[Data entries]
.....

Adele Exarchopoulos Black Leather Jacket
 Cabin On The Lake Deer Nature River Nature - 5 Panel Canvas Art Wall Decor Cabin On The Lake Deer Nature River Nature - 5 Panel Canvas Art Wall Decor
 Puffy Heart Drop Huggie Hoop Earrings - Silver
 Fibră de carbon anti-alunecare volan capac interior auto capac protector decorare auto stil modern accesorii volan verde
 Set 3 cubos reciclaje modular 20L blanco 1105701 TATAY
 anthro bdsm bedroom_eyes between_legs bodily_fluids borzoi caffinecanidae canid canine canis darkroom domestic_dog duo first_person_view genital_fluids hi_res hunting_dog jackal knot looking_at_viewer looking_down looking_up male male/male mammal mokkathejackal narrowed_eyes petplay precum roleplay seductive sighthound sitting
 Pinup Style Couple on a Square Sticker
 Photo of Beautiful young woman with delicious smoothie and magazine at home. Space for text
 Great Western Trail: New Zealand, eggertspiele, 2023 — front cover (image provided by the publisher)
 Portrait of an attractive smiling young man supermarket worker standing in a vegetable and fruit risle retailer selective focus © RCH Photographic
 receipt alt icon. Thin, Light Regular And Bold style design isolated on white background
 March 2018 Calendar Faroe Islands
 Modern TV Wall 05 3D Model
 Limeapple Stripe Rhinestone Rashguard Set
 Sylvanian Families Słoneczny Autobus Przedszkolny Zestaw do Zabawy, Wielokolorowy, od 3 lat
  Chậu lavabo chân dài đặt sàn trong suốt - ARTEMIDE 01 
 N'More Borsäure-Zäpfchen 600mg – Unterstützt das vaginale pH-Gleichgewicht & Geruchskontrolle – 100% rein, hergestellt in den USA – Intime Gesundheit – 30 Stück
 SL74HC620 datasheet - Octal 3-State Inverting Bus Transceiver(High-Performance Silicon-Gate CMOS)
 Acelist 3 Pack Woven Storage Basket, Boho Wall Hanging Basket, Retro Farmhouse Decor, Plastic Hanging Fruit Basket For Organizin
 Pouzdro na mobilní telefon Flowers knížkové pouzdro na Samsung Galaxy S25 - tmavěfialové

.....

What you should do. Starting at the first line of the data above, retype each line exactly until you reach the line containing "Puffy Heart Drop", and include that line too.

Answer box.
Adele Exarchopoulos Black Leather Jacket
 Cabin On The Lake Deer Nature River Nature - 5 Panel Canvas Art Wall Decor Cabin On The Lake Deer Nature River Nature - 5 Panel Canvas Art Wall Decor
 Puffy Heart Drop Huggie Hoop Earrings - Silver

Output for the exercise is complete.